Data extracted from a collection:
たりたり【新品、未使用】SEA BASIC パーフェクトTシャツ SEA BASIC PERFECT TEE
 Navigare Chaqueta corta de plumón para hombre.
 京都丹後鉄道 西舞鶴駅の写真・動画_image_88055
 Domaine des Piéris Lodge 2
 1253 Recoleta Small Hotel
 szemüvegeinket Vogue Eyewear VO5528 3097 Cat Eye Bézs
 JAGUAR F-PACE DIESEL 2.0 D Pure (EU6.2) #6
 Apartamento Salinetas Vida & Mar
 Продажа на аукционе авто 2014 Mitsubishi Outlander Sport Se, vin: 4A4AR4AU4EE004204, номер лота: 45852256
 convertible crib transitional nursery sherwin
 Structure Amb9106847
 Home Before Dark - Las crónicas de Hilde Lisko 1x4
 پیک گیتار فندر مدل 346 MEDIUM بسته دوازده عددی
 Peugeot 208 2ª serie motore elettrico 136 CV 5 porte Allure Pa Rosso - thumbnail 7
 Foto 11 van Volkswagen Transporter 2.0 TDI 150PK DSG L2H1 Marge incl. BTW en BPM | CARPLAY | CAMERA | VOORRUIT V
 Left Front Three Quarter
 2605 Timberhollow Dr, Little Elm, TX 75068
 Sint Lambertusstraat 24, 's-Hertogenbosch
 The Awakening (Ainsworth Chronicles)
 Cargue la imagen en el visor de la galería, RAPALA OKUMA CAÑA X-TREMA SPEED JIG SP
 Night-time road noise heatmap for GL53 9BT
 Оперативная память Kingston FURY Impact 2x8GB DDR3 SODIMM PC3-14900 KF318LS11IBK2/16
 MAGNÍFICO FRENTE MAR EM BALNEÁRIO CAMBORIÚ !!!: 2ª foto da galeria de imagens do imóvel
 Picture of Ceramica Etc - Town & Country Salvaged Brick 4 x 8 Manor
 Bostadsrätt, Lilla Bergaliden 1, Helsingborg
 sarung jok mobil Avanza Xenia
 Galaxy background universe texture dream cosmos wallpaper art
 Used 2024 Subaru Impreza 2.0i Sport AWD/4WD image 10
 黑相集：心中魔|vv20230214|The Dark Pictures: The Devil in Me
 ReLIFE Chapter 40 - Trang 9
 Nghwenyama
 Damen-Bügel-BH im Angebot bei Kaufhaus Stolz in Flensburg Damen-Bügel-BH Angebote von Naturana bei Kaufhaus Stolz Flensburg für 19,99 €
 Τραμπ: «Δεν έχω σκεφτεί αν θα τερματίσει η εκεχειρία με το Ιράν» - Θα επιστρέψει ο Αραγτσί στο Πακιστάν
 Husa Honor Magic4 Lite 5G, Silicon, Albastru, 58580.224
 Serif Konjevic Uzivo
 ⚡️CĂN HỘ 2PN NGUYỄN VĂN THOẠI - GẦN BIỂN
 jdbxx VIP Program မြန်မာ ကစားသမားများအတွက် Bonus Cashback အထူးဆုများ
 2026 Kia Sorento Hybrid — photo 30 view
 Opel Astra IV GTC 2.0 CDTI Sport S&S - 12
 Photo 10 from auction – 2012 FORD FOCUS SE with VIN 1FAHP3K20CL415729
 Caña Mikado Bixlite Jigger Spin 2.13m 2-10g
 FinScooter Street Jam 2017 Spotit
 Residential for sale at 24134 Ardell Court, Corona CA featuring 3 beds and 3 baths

* _Prompt_: Retype the data exactly.

* _Result_:
たりたり【新品、未使用】SEA BASIC パーフェクトTシャツ SEA BASIC PERFECT TEE
 Navigare Chaqueta corta de plumón para hombre.
 京都丹後鉄道 西舞鶴駅の写真・動画_image_88055
 Domaine des Piéris Lodge 2
 1253 Recoleta Small Hotel
 szemüvegeinket Vogue Eyewear VO5528 3097 Cat Eye Bézs
 JAGUAR F-PACE DIESEL 2.0 D Pure (EU6.2) #6
 Apartamento Salinetas Vida & Mar
 Продажа на аукционе авто 2014 Mitsubishi Outlander Sport Se, vin: 4A4AR4AU4EE004204, номер лота: 45852256
 convertible crib transitional nursery sherwin
 Structure Amb9106847
 Home Before Dark - Las crónicas de Hilde Lisko 1x4
 پیک گیتار فندر مدل 346 MEDIUM بسته دوازده عددی
 Peugeot 208 2ª serie motore elettrico 136 CV 5 porte Allure Pa Rosso - thumbnail 7
 Foto 11 van Volkswagen Transporter 2.0 TDI 150PK DSG L2H1 Marge incl. BTW en BPM | CARPLAY | CAMERA | VOORRUIT V
 Left Front Three Quarter
 2605 Timberhollow Dr, Little Elm, TX 75068
 Sint Lambertusstraat 24, 's-Hertogenbosch
 The Awakening (Ainsworth Chronicles)
 Cargue la imagen en el visor de la galería, RAPALA OKUMA CAÑA X-TREMA SPEED JIG SP
 Night-time road noise heatmap for GL53 9BT
 Оперативная память Kingston FURY Impact 2x8GB DDR3 SODIMM PC3-14900 KF318LS11IBK2/16
 MAGNÍFICO FRENTE MAR EM BALNEÁRIO CAMBORIÚ !!!: 2ª foto da galeria de imagens do imóvel
 Picture of Ceramica Etc - Town & Country Salvaged Brick 4 x 8 Manor
 Bostadsrätt, Lilla Bergaliden 1, Helsingborg
 sarung jok mobil Avanza Xenia
 Galaxy background universe texture dream cosmos wallpaper art
 Used 2024 Subaru Impreza 2.0i Sport AWD/4WD image 10
 黑相集：心中魔|vv20230214|The Dark Pictures: The Devil in Me
 ReLIFE Chapter 40 - Trang 9
 Nghwenyama
 Damen-Bügel-BH im Angebot bei Kaufhaus Stolz in Flensburg Damen-Bügel-BH Angebote von Naturana bei Kaufhaus Stolz Flensburg für 19,99 €
 Τραμπ: «Δεν έχω σκεφτεί αν θα τερματίσει η εκεχειρία με το Ιράν» - Θα επιστρέψει ο Αραγτσί στο Πακιστάν
 Husa Honor Magic4 Lite 5G, Silicon, Albastru, 58580.224
 Serif Konjevic Uzivo
 ⚡️CĂN HỘ 2PN NGUYỄN VĂN THOẠI - GẦN BIỂN
 jdbxx VIP Program မြန်မာ ကစားသမားများအတွက် Bonus Cashback အထူးဆုများ
 2026 Kia Sorento Hybrid — photo 30 view
 Opel Astra IV GTC 2.0 CDTI Sport S&S - 12
 Photo 10 from auction – 2012 FORD FOCUS SE with VIN 1FAHP3K20CL415729
 Caña Mikado Bixlite Jigger Spin 2.13m 2-10g
 FinScooter Street Jam 2017 Spotit
 Residential for sale at 24134 Ardell Court, Corona CA featuring 3 beds and 3 baths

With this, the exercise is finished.